## EXERCISE DESCRIPTION
Beginning at whichever line contains "Essex - Gosfield Hall, 1824 af John Buckler", reproduce each line of the records below word for word, ending with the last, and add nothing.

EXCERPTED RECORDS section start

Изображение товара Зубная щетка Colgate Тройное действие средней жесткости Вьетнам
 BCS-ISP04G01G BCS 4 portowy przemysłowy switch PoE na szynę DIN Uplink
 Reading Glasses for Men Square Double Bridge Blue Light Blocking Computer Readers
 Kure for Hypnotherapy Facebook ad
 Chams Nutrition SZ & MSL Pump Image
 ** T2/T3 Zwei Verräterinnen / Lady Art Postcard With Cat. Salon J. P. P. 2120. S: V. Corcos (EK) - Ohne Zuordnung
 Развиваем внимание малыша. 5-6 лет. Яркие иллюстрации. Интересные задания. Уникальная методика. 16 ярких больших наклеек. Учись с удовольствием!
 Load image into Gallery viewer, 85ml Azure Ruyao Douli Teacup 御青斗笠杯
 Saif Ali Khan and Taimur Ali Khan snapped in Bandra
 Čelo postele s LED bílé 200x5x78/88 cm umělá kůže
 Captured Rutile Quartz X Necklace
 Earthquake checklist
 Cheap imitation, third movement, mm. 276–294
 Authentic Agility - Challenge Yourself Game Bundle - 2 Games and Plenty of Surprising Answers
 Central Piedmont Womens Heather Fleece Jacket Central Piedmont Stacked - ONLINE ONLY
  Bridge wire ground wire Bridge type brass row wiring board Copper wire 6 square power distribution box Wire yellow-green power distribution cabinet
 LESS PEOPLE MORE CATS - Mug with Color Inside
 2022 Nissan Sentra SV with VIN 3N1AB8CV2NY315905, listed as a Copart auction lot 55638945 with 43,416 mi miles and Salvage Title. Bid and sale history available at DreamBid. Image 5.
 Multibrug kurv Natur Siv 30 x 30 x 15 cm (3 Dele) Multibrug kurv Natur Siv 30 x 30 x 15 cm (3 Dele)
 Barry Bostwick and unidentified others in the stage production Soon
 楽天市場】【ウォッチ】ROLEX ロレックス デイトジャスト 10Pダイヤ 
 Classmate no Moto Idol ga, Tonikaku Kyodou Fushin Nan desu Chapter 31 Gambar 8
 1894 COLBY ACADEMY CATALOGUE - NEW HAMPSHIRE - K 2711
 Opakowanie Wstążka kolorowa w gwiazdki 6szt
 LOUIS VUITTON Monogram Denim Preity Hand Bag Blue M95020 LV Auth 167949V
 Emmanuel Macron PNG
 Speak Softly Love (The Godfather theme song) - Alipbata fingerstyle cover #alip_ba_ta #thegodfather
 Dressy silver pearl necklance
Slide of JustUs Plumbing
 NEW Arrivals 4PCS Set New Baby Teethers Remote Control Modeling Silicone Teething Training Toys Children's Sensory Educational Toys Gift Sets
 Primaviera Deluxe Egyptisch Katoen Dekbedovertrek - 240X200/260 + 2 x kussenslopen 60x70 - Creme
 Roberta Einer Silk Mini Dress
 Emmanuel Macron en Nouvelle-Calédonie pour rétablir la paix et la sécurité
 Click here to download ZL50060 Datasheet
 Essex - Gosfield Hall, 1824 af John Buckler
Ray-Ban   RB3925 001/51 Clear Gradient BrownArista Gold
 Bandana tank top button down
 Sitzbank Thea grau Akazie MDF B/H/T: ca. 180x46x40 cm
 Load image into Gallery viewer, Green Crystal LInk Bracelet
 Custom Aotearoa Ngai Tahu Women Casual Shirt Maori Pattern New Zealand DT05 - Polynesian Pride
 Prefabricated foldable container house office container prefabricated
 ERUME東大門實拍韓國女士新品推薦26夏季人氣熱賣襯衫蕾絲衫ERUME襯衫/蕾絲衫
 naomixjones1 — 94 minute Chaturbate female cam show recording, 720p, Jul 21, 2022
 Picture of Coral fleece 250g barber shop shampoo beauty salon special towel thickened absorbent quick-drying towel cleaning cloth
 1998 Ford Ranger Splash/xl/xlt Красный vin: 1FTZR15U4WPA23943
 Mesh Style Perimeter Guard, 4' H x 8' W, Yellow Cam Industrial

EXCERPTED RECORDS section end

## RESULT
 Essex - Gosfield Hall, 1824 af John Buckler
Ray-Ban   RB3925 001/51 Clear Gradient BrownArista Gold
 Bandana tank top button down
 Sitzbank Thea grau Akazie MDF B/H/T: ca. 180x46x40 cm
 Load image into Gallery viewer, Green Crystal LInk Bracelet
 Custom Aotearoa Ngai Tahu Women Casual Shirt Maori Pattern New Zealand DT05 - Polynesian Pride
 Prefabricated foldable container house office container prefabricated
 ERUME東大門實拍韓國女士新品推薦26夏季人氣熱賣襯衫蕾絲衫ERUME襯衫/蕾絲衫
 naomixjones1 — 94 minute Chaturbate female cam show recording, 720p, Jul 21, 2022
 Picture of Coral fleece 250g barber shop shampoo beauty salon special towel thickened absorbent quick-drying towel cleaning cloth
 1998 Ford Ranger Splash/xl/xlt Красный vin: 1FTZR15U4WPA23943
 Mesh Style Perimeter Guard, 4' H x 8' W, Yellow Cam Industrial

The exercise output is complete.